### WHAT YOU HAVE TO DO
Write out, without any change, the lines in the material below that run from the line with "Wooden KLOSTERS trailhead" through the line with "Lifestyle. Close-up shot", both included.

### SUPPLIED INFORMATION
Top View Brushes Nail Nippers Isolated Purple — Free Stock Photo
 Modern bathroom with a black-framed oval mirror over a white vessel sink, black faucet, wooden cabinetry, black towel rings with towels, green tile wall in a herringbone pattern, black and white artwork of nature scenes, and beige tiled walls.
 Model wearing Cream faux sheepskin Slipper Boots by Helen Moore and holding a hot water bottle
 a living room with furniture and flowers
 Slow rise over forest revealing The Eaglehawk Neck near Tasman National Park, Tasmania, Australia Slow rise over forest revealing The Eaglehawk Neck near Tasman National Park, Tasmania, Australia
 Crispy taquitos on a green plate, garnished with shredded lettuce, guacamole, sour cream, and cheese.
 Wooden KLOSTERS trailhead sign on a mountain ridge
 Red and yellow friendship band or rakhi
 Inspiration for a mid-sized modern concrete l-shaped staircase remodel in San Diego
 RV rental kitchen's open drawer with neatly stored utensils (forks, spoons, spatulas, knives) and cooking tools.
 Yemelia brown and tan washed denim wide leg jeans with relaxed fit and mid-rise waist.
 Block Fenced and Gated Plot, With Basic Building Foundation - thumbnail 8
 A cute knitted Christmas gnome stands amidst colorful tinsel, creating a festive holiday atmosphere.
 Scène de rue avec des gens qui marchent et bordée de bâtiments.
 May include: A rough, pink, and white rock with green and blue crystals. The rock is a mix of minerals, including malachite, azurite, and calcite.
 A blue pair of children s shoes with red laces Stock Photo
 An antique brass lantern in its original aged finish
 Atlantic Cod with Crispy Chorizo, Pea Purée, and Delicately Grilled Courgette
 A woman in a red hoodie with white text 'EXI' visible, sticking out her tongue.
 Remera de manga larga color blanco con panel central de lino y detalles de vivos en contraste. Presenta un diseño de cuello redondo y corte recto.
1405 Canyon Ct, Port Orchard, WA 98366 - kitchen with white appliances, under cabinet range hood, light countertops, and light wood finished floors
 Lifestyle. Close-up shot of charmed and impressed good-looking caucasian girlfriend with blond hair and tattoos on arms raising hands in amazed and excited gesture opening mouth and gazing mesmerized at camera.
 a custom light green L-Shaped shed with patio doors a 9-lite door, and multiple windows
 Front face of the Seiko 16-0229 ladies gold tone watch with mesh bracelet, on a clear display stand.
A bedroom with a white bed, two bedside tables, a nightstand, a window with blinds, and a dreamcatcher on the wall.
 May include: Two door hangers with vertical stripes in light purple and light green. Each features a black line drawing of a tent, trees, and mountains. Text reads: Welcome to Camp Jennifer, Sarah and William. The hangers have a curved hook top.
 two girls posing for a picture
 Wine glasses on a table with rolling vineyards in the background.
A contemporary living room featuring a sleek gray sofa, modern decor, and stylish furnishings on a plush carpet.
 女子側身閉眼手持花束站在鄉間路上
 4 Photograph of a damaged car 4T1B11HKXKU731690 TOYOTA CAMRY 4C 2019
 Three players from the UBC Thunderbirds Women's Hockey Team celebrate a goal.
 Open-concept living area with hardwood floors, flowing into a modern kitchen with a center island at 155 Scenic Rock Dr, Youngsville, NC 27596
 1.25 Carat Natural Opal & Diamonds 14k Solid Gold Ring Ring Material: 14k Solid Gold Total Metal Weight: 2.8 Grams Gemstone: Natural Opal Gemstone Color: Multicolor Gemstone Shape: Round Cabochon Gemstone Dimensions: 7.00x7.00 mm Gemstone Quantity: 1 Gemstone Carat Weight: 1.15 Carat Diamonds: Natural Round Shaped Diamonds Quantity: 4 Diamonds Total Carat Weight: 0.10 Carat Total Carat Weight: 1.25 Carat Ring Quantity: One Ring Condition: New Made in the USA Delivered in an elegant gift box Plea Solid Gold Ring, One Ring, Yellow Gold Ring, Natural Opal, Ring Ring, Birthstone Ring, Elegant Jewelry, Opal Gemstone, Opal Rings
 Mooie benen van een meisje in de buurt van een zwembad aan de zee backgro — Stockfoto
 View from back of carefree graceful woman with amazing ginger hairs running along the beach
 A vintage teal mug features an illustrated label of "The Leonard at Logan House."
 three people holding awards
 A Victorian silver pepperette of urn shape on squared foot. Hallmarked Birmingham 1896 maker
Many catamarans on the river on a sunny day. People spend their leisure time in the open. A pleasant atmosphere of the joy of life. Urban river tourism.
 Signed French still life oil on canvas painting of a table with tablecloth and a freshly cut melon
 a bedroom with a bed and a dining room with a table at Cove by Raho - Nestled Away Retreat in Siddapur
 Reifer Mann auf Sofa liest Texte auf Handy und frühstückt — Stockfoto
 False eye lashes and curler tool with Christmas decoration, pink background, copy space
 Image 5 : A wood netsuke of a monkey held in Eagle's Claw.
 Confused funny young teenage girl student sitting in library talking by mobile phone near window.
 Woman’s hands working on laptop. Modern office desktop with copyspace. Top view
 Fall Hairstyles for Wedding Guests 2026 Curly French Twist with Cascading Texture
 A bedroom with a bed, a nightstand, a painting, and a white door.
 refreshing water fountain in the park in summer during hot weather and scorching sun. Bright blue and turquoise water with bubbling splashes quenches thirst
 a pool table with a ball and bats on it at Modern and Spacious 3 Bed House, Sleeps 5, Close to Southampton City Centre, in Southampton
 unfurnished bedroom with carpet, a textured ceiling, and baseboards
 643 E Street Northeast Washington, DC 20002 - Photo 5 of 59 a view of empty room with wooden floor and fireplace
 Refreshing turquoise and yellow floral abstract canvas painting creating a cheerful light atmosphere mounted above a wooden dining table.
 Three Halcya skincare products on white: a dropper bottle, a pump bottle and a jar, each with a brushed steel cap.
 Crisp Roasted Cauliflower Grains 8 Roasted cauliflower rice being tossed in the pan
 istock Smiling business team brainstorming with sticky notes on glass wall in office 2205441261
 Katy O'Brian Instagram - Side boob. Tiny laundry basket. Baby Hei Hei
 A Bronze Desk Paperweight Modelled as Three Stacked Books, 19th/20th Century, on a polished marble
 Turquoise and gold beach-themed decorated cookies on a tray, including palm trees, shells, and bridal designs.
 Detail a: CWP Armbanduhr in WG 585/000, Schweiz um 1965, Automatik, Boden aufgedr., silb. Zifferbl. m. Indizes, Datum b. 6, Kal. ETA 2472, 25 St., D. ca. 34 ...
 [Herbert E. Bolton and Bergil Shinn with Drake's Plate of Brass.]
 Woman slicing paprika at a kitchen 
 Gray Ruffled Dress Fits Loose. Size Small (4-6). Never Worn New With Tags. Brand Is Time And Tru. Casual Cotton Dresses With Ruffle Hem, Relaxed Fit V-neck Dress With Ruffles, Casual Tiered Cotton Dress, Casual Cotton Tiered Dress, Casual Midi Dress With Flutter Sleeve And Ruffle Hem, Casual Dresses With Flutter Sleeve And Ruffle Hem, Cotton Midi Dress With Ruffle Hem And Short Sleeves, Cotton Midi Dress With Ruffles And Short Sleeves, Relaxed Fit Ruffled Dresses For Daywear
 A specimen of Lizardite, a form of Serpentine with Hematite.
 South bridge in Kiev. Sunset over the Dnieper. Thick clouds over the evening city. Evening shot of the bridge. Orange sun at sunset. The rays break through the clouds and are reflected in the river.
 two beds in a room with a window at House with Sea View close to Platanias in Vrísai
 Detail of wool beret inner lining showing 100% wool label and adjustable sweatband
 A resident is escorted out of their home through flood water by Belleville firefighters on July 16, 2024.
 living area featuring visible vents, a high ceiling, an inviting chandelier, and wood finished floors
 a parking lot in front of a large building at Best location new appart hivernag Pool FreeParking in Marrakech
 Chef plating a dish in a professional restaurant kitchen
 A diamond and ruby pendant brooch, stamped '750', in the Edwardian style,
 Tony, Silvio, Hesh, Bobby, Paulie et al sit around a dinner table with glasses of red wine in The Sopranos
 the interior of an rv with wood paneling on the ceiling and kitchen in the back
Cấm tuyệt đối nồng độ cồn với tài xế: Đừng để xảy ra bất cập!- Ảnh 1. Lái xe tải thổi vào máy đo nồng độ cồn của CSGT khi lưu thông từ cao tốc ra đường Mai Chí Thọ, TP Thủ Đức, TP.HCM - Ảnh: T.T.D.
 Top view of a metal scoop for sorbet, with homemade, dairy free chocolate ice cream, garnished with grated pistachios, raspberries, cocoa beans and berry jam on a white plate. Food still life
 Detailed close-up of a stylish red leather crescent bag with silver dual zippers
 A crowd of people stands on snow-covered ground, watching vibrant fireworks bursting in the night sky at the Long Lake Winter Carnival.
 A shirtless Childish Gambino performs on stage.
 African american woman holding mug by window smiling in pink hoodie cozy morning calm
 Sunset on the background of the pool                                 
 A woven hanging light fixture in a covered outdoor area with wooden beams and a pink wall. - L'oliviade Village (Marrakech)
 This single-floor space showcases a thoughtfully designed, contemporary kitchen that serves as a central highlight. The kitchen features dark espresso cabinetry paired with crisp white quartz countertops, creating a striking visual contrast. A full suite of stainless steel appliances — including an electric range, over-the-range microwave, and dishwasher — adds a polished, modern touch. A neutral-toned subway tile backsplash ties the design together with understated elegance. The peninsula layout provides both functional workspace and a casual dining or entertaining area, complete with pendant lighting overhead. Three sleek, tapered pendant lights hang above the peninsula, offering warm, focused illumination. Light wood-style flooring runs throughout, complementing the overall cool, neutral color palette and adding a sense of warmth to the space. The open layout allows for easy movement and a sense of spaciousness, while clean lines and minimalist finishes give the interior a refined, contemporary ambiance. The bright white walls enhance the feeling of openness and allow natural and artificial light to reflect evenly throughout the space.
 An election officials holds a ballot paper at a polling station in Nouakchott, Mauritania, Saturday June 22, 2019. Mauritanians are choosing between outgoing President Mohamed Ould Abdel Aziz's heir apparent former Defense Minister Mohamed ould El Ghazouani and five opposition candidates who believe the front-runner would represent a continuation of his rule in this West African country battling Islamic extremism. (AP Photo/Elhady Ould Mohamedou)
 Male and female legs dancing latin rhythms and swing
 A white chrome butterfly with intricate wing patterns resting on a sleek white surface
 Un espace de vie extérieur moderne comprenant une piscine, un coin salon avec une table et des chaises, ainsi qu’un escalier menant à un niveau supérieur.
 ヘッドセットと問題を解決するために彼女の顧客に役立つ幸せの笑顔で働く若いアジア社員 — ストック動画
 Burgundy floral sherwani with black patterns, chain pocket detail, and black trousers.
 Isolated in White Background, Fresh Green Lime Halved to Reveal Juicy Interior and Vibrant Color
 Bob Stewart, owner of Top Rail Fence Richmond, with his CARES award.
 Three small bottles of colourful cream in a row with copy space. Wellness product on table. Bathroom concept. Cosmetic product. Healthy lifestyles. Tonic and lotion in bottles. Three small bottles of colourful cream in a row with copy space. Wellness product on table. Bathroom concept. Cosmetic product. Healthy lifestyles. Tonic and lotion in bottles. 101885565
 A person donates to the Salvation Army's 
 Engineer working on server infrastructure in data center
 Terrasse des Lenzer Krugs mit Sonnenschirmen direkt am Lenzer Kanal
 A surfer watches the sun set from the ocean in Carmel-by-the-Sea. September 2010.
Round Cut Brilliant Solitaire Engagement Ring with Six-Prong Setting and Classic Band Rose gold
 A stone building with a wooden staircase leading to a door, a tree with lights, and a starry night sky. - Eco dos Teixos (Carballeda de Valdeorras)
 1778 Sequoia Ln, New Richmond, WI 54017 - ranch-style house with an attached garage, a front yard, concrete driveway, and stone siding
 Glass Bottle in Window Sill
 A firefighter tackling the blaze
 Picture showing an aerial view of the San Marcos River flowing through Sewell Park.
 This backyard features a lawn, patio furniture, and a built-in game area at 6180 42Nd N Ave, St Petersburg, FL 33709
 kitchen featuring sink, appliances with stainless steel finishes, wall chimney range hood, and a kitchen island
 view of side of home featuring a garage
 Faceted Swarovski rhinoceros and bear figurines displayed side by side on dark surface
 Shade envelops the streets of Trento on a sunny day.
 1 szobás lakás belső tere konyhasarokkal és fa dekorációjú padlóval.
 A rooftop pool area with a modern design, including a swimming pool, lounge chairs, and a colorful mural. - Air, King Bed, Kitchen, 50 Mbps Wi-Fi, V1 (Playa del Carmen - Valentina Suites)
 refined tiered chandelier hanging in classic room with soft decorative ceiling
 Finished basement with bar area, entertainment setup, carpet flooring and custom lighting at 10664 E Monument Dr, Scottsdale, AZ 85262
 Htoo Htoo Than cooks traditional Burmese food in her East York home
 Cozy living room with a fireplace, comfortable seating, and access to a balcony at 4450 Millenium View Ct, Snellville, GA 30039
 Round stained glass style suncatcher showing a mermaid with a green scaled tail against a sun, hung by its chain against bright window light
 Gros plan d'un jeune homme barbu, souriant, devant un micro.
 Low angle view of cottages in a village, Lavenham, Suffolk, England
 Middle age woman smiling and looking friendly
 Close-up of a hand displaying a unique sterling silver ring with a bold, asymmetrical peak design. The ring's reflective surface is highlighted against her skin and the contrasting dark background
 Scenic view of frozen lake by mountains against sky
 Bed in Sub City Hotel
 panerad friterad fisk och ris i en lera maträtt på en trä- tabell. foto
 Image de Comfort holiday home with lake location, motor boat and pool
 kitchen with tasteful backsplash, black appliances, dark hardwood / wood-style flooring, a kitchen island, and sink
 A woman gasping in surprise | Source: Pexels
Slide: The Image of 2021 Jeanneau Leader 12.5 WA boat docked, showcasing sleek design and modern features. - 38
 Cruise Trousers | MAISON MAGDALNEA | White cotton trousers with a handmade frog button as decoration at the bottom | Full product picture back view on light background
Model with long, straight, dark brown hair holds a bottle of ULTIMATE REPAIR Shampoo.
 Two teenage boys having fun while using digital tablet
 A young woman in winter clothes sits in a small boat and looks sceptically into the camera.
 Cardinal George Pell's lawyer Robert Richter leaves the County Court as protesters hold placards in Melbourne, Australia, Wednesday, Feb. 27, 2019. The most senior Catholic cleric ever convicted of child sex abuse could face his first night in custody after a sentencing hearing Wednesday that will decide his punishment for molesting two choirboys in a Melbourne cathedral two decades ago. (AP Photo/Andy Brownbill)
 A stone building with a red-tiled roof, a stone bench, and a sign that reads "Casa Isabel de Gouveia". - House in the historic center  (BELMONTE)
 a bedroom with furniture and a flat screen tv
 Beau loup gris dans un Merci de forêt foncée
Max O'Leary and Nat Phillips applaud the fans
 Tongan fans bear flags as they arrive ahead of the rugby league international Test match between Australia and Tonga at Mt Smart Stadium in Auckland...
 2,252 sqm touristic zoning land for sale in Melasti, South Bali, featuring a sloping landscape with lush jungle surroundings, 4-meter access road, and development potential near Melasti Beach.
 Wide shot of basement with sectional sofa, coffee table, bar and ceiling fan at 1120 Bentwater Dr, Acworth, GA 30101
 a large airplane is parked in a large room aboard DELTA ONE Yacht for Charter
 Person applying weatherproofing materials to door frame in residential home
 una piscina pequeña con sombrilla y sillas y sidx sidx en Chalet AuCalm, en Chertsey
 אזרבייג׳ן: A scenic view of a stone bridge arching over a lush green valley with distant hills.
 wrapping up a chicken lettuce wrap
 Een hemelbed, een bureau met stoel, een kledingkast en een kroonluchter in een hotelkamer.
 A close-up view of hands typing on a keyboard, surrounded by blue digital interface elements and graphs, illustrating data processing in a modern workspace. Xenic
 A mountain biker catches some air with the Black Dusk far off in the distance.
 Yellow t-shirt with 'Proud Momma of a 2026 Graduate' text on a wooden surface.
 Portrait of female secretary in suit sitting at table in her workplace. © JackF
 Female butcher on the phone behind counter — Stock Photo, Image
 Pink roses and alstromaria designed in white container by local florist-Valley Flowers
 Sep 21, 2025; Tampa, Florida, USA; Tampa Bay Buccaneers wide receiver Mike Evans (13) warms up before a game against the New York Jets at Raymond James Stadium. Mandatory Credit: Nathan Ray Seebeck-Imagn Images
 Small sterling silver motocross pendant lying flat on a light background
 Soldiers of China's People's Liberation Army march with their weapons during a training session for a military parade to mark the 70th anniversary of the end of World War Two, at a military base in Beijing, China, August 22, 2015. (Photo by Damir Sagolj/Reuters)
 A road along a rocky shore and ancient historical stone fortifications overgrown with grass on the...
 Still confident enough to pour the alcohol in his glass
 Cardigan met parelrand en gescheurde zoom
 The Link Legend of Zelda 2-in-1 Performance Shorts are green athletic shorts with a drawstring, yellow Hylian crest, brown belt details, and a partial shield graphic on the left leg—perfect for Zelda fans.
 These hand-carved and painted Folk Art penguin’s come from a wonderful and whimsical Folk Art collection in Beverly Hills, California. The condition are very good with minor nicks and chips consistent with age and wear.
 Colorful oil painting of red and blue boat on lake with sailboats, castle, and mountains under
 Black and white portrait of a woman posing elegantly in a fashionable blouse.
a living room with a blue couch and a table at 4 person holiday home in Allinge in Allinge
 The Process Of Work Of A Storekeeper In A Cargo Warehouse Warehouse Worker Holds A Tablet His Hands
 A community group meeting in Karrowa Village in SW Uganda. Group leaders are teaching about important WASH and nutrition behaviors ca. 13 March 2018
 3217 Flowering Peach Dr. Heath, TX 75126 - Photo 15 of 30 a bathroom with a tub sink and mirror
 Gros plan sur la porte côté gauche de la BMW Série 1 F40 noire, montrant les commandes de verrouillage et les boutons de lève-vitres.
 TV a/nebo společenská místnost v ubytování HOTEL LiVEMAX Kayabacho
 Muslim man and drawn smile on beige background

### ANSWER TO THIS PROBLEM
 Wooden KLOSTERS trailhead sign on a mountain ridge
 Red and yellow friendship band or rakhi
 Inspiration for a mid-sized modern concrete l-shaped staircase remodel in San Diego
 RV rental kitchen's open drawer with neatly stored utensils (forks, spoons, spatulas, knives) and cooking tools.
 Yemelia brown and tan washed denim wide leg jeans with relaxed fit and mid-rise waist.
 Block Fenced and Gated Plot, With Basic Building Foundation - thumbnail 8
 A cute knitted Christmas gnome stands amidst colorful tinsel, creating a festive holiday atmosphere.
 Scène de rue avec des gens qui marchent et bordée de bâtiments.
 May include: A rough, pink, and white rock with green and blue crystals. The rock is a mix of minerals, including malachite, azurite, and calcite.
 A blue pair of children s shoes with red laces Stock Photo
 An antique brass lantern in its original aged finish
 Atlantic Cod with Crispy Chorizo, Pea Purée, and Delicately Grilled Courgette
 A woman in a red hoodie with white text 'EXI' visible, sticking out her tongue.
 Remera de manga larga color blanco con panel central de lino y detalles de vivos en contraste. Presenta un diseño de cuello redondo y corte recto.
1405 Canyon Ct, Port Orchard, WA 98366 - kitchen with white appliances, under cabinet range hood, light countertops, and light wood finished floors
 Lifestyle. Close-up shot of charmed and impressed good-looking caucasian girlfriend with blond hair and tattoos on arms raising hands in amazed and excited gesture opening mouth and gazing mesmerized at camera.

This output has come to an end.